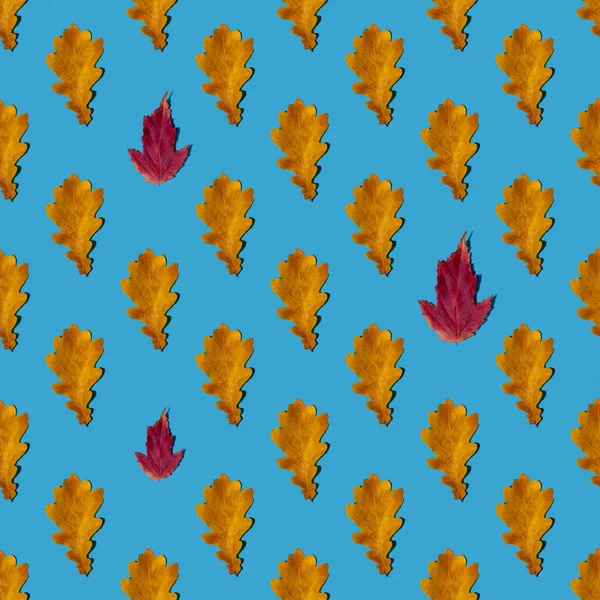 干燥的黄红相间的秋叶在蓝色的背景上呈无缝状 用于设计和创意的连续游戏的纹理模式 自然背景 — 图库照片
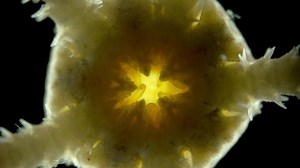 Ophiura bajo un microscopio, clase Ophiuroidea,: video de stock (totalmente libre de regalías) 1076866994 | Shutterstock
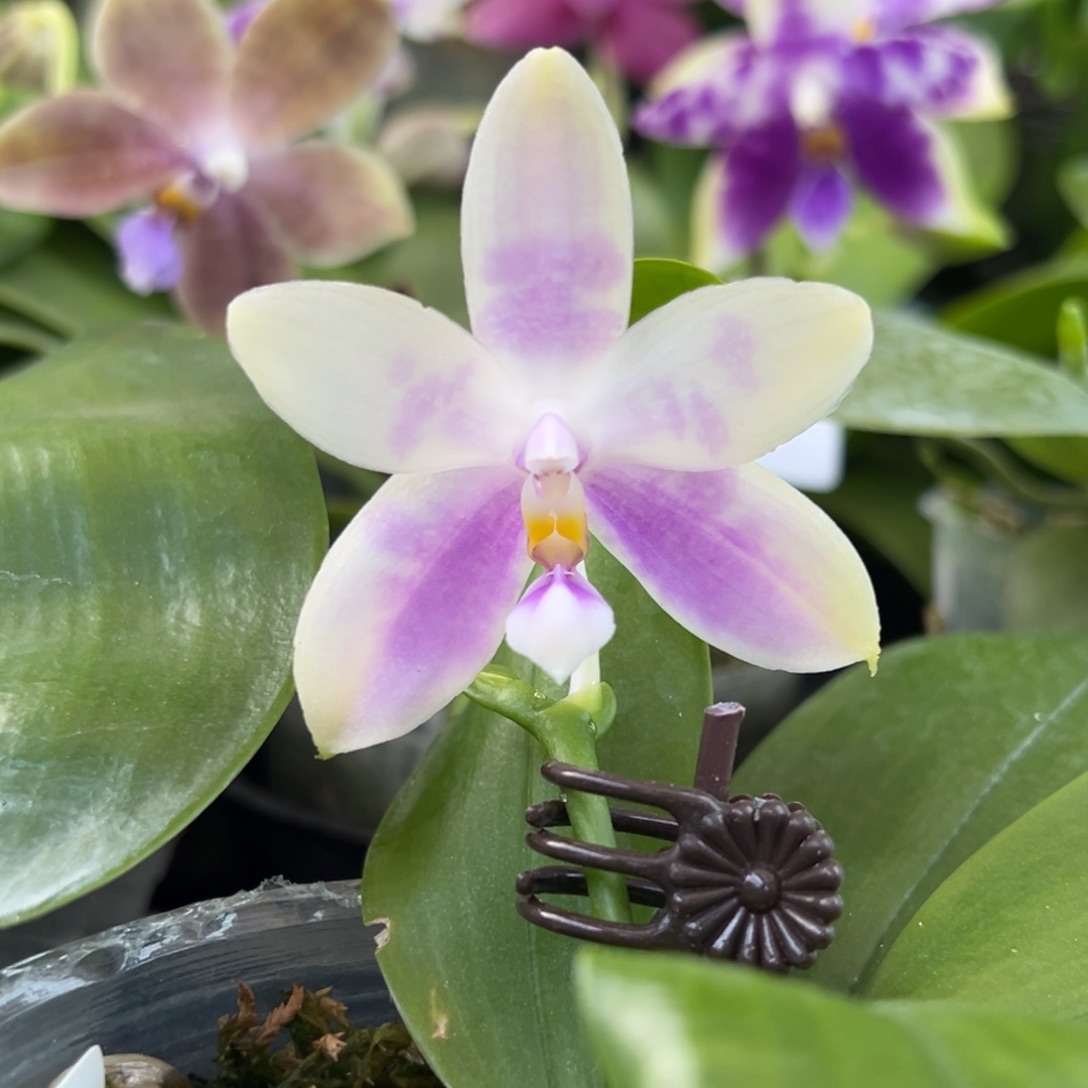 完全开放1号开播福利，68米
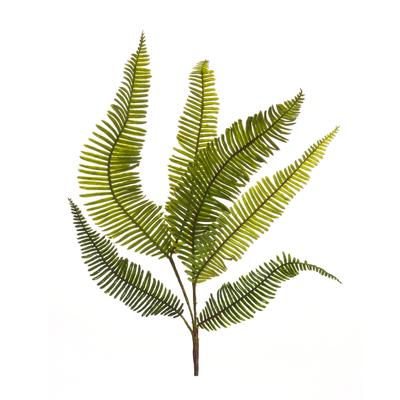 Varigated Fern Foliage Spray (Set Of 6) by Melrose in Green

__________________________________________________

PROBLEM STATEMENT —
Go through the data above and transcribe it in full, omitting any image.

RESPONSE TO THIS EXERCISE —
 干燥的黄红相间的秋叶在蓝色的背景上呈无缝状 用于设计和创意的连续游戏的纹理模式 自然背景 — 图库照片
 Ophiura bajo un microscopio, clase Ophiuroidea,: video de stock (totalmente libre de regalías) 1076866994 | Shutterstock
 完全开放1号开播福利，68米
 Varigated Fern Foliage Spray (Set Of 6) by Melrose in Green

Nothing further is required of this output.